I remembered my older sisters’ jealous horror that my parents had allowed me to go on a co-ed weekend at sixteen, held at a friend’s cabin on a lake in northern Michigan, as well as the med-school boyfriend with the bright yellow corvette (it is very strange to ride so close to the ground!) that I met there. He would later give me my copy of Evangeline by Longfellow. I remember elaborate all day picnics and poetry during college in the Ann Arbor Arboretum with my friend Kathleen when we decided “elysium” was our favorite new word. (It means place or condition of ideal happiness!) I reminisced about writing Memorial Day letters to my mother in the luminous sun of a quiet dawn – something I no longer do. I recalled moving in on Memorial Day weekend into our current house here in Connecticut seventeen years ago, after living in New York City. We were overcome with the delightful surprise of waking up on Memorial Day to birdsong and thinking we had arrived in heaven. I swear, those birds’ ancestors honored us this morning in the same fashion.
This morning, I was proud to make it up the long hill by the vet for the first time, but the steep hill by New Pond Farm still eludes me and places my feet off the pedals and onto the road. But if this hadn’t been the case, I wouldn’t have taken the pictures (below) of the one room schoolhouse from 1789, which made me think of all sorts of other soldiers to be grateful for. (Check out the photo below of a Revolutionary diorama taken during Ridgefield’s 300th anniversary.) On the return trip, I love that hill that I can’t get up – it is a thrill to go down so fast and so far without pedaling! To be honest, I don’t bike for the exercise; that would not get me out of bed when I could lay there listening to the birds chatter and rejoice. No, it is the exhilarating downhill plummet, the rush of wind right through me, the blur of sensations that make me feel free – that’s what I show up for.

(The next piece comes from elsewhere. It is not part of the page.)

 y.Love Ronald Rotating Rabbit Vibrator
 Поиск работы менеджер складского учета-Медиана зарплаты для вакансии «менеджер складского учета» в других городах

My husband does a lot of gardening on Memorial Day weekend, and I often paint. Below is a painting I did in my art journal last year on Memorial Day that I pulled out and looked at, thinking how striking it is that the view from my picnic table looks exactly like that this year as well.
And what else is Memorial Day but the quintessential meal of a burger, with watermelon and chips? Mine was a Boca brand veggie burger on a whole wheat bun with muenster cheese, but my husband prefers a turkey burger. One of his triumphs in life is that he’s gotten me to put mustard and dill relish on mine which I never did before I knew him. Anyway, this meal speaks of Memorial Day as the official start of summer more than any other day on the calendar. And only those my age or older will remember when Memorial Day meant that you could now wear white shoes until Labor Day.
So today I’m just grateful for my world to stop for a moment to feel this deep gratitude for freedom, friends, family, flowers and feathers, harmony and hope. And I thank the soldiers past and present that made it possible, especially since that is one job I personally could not do.